LISTED ENTRIES:
****************************************

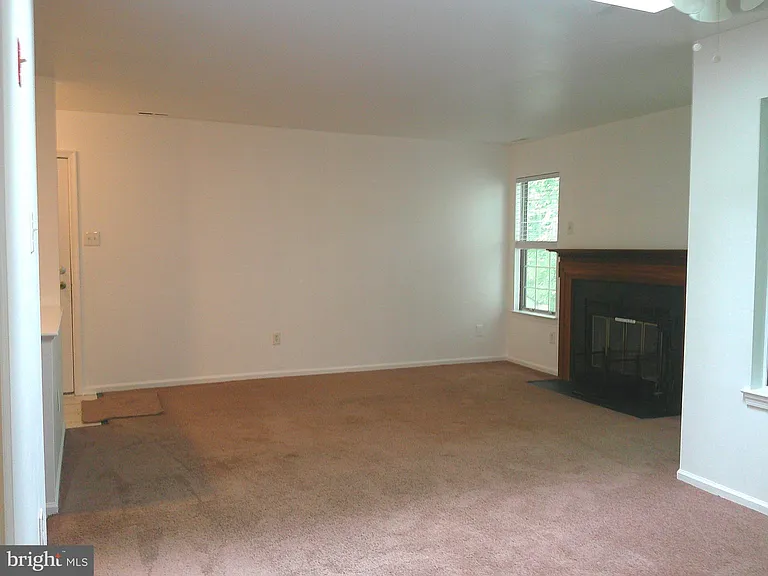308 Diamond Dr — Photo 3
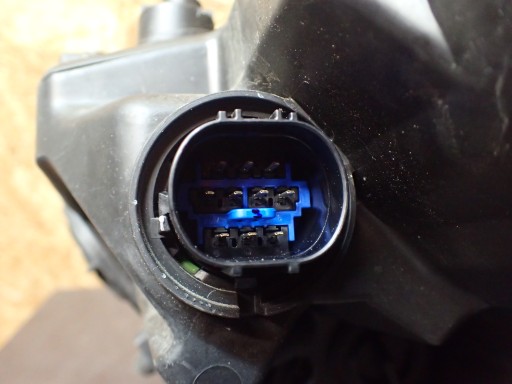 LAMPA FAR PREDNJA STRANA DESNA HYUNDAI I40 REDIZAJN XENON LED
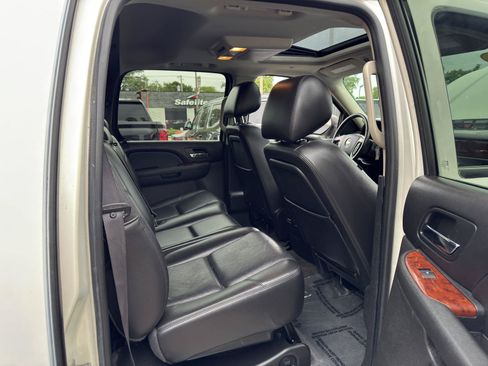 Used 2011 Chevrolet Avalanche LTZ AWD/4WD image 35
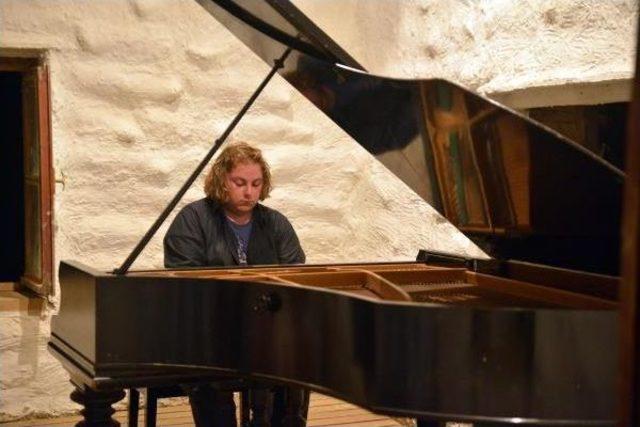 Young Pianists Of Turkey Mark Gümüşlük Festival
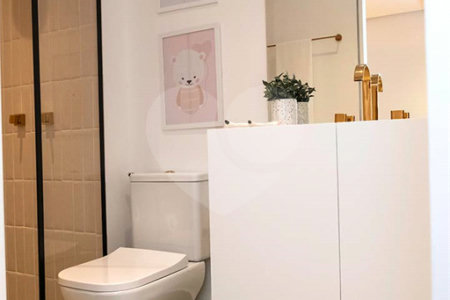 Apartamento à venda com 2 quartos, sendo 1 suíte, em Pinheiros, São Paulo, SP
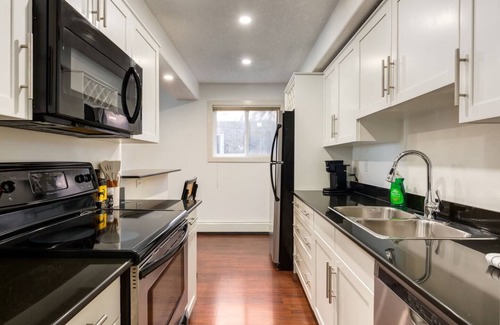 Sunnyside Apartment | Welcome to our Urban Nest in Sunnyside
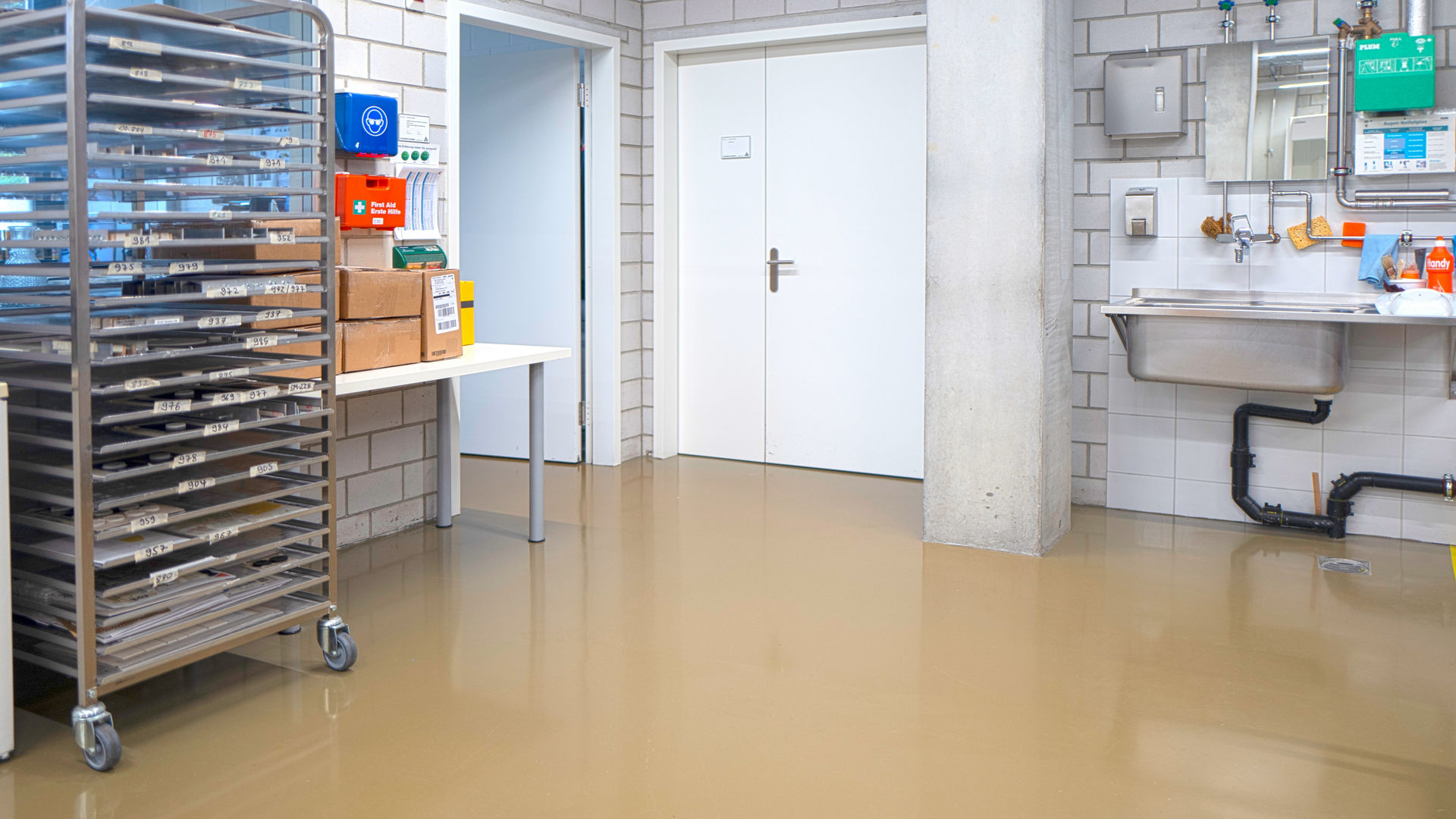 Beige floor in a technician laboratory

****************************************

ASSIGNMENT:
In the data above, please extract the lines from the first one through the line with "Sunnyside Apartment |", exactly, and keep pictures out.

TASK ANSWER:
308 Diamond Dr — Photo 3
 LAMPA FAR PREDNJA STRANA DESNA HYUNDAI I40 REDIZAJN XENON LED
 Used 2011 Chevrolet Avalanche LTZ AWD/4WD image 35
 Young Pianists Of Turkey Mark Gümüşlük Festival
 Apartamento à venda com 2 quartos, sendo 1 suíte, em Pinheiros, São Paulo, SP
 Sunnyside Apartment | Welcome to our Urban Nest in Sunnyside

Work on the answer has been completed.